───── INFORMATION SUPPLIED ─────

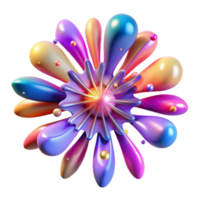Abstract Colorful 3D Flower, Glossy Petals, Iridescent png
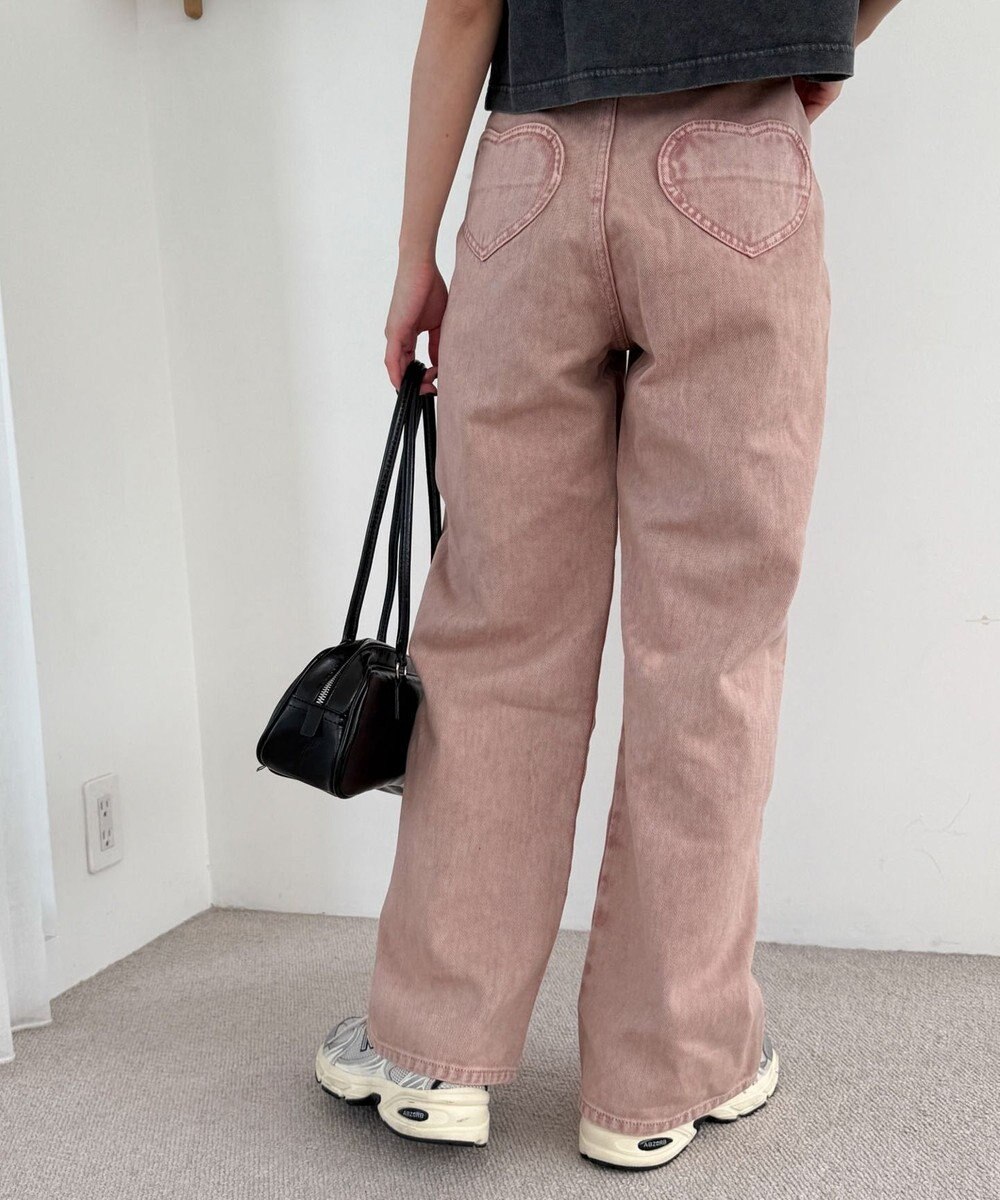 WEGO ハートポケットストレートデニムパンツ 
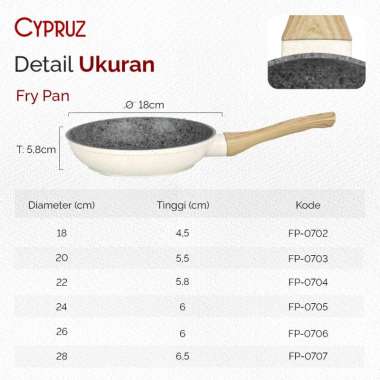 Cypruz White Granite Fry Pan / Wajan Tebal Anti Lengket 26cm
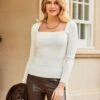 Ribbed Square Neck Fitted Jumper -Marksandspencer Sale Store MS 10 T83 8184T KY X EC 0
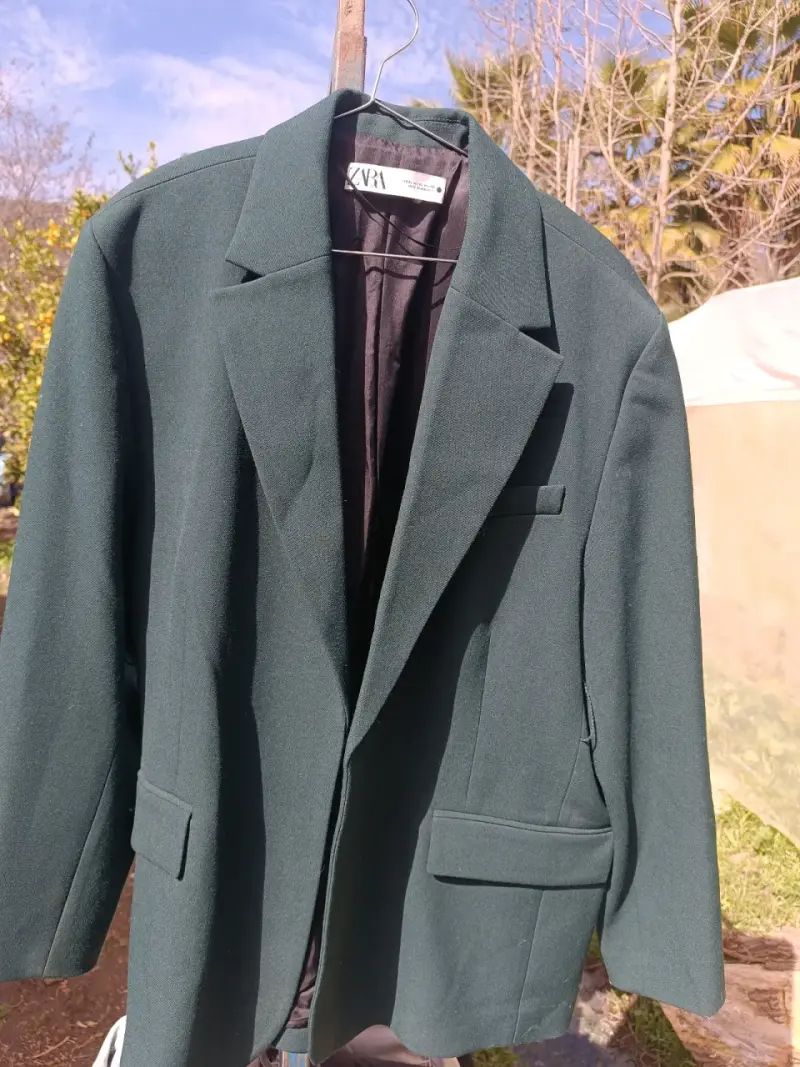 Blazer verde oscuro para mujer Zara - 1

─────

● **PROBLEM REQUIREMENTS**:
Output the records exactly, and let none of their pictures appear in the copy.

● **YOUR RESPONSE**:
Abstract Colorful 3D Flower, Glossy Petals, Iridescent png
 WEGO ハートポケットストレートデニムパンツ 
 Cypruz White Granite Fry Pan / Wajan Tebal Anti Lengket 26cm
 Ribbed Square Neck Fitted Jumper -Marksandspencer Sale Store MS 10 T83 8184T KY X EC 0
 Blazer verde oscuro para mujer Zara - 1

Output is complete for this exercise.